- Pre-emption. As well as trying to bid our own side's hands as effectively as possible, we also want to make life difficult for the opponents. Some opening bids will be explicitly defined as pre-emptive, usually at the 2-level or higher. These pre-emptive openings tend to be fairly independent of the constructive part of the system - except of course that the more pre-emptive bids you want to use, the fewer bids you have available for constructive hands. But also, the system's "constructive" bids can have a pre-emptive effect, and this aspect has to be considered at the same time as all the issues to do with describing hands. A weak 1NT opening, for example, is an extremely good bid from the pre-emptive point of view, but weak NT systems can have descriptive problems as we have seen.
- Accuracy in uncontested sequences. As was said right at the beginning, competitive auctions tend to be more important, certainly for 1-level opening bids. But obviously there are many deals where opener's side will have a free run in the auction, and these need to be considered too. What happens in an uncontested auction will depend to a large extent on the continuations used, rather than the opening bid itself. But the definition of the opening bid can still make a huge difference to how things turn out. Most importantly, the accuracy of the continuations will depend on how much space there is: there must be enough room to look for the important information without going past the side's best contract. So again there is a conflict with trying to describe hands as well as possible - while a good description is still desirable in uncontested sequences, there is also the need to leave plenty of space for further investigation, which means that the cheapest bids will need to be used more.
Still, while you can never say that one idea is more important than anything else - it is so much more complex than that - description is the main thing that I look for in a bidding system. And it is all too easy to overlook description if you are not careful: while pre-emption is generally easy to spot, and leaving holes in uncontested sequences will also be easily picked up, protecting your side against opponents' bidding is a much more subtle problem.
Let's end by listing the main principles we've come across:
- Think-Competitive. When deciding how to arrange your opening bids, it is most important to consider what will happen in a competitive auction.
- One-Bid-Or-Two. Your system should ensure that one-bid hands are be described as accurately as possible in one bid, while two-bid hands are described as accurately as possible in two bids.
- Unbalanced-Hands-Show-Shape. You must show your suits, in order to find fits.
- Balanced-Hands-Show-Strength. The strength of a balanced hand should be bounded from below as accurately as possible.
- Homogeneity. In any particular bid, the one-bid hands should be homogeneous.

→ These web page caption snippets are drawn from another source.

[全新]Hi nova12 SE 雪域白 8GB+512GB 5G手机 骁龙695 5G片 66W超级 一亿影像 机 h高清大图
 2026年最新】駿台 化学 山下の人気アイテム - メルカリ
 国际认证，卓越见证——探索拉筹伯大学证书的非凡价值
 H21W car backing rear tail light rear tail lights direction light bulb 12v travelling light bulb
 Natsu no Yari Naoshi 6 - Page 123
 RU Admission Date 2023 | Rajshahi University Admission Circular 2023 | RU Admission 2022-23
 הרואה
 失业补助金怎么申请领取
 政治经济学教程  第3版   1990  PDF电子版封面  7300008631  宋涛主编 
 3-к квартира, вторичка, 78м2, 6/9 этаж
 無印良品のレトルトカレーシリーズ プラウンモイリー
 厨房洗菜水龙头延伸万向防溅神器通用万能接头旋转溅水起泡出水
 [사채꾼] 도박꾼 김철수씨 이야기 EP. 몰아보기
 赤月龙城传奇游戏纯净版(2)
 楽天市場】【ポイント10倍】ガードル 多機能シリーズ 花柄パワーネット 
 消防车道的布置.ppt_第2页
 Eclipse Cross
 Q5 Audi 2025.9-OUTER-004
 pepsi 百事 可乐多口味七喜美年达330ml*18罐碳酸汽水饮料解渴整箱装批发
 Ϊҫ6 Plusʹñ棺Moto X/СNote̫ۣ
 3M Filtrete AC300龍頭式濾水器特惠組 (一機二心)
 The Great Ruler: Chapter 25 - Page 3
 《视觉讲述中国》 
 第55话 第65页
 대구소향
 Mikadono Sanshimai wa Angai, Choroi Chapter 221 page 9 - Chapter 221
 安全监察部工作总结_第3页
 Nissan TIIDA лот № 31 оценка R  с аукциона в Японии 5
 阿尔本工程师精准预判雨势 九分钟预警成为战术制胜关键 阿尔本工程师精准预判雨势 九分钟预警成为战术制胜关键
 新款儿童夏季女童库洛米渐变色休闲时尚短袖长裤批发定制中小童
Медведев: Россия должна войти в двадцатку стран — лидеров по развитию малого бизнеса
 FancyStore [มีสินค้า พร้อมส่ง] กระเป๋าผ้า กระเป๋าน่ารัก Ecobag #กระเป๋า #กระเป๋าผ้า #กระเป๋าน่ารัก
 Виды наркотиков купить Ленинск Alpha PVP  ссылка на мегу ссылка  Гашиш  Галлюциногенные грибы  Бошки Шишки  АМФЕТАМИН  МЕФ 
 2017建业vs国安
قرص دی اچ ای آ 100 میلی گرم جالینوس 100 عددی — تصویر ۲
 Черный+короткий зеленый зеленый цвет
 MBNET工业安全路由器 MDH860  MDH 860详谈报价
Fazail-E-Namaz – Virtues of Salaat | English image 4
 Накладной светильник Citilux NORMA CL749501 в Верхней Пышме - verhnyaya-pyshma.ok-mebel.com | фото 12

How often have you looked at your hand and thought, "I haven't described my hand as well as I would like, but I don't have a good bid available." This problem is exactly what we are trying to avoid. It doesn't require lots of artificial bidding - indeed one of the main themes is that standard natural systems are very effective. But whether your preference is for natural systems or for lots of artificiality, by following these principles as far as possible your hands will be easier to bid.